All of us who had the honor of working with Howard knew the challenge of keeping up with his quick and energetic pace. One person whom Howard knew he could rely on to keep up with him was Denise Parisi. Denise worked tirelessly with Howard both at Boston University and for the journal Hippocampus. Paper drafts and manuscript reviews were returned within a day or two; many an evening e-mail would be returned by 6 a.m. A natural mentor, Howard Eichenbaum fostered the careers of numerous students, postdoctoral fellows and junior faculty in his laboratory. Moreover, he also founded and led undergraduate and graduate training programs at Boston University that affected the training of an even wider set of students.
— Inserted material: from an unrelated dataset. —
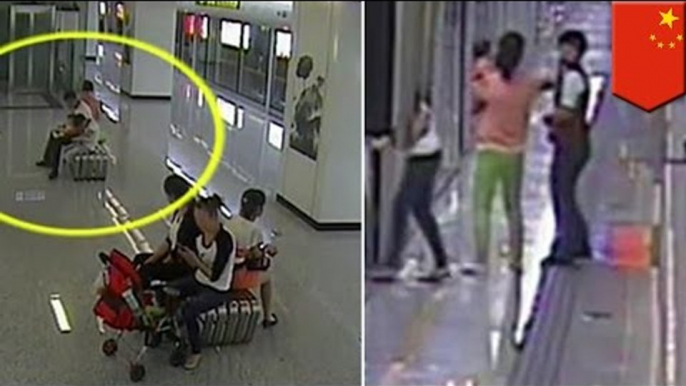 Rude Chinese passengers: allow kid to urinate in public and slap subway staffer for intervening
He guided the field as editor-in-chief of the journal Hippocampus and as a member of the Council for the Society for Neuroscience and the National Advisory Mental Health Council of the US National Institute of Mental Health. Howard was also a fellow of the Association for Psychological Science, the American Academy of Arts and Sciences and the American Association for the Advancement of Science.

Howard Eichenbaum's work established essential principles of neural coding and memory that have influenced generations of researchers working in animal models and human cognitive neuroscience. This influence will certainly continue for many generations to come.